■ **Assignment**:
Give all the lines below again, exactly, with no pictures.

■ **Material provided**:

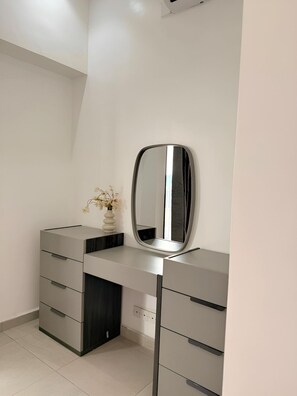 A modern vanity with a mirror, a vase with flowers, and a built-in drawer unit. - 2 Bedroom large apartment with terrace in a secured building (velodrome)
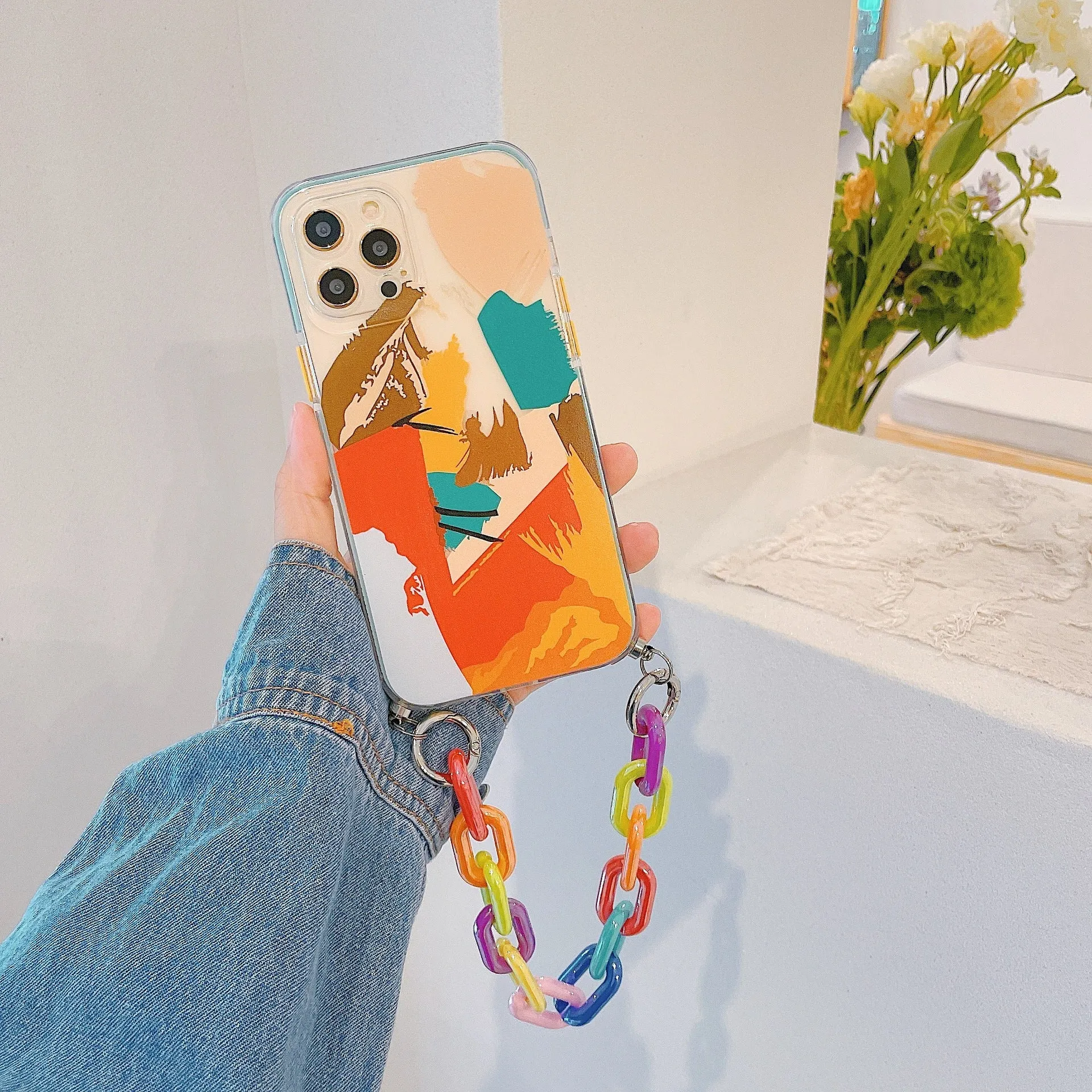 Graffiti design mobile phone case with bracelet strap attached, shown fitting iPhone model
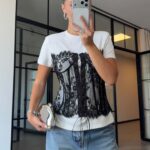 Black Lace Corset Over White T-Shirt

■ **Your solution**:
 A modern vanity with a mirror, a vase with flowers, and a built-in drawer unit. - 2 Bedroom large apartment with terrace in a secured building (velodrome)
 Graffiti design mobile phone case with bracelet strap attached, shown fitting iPhone model
 Black Lace Corset Over White T-Shirt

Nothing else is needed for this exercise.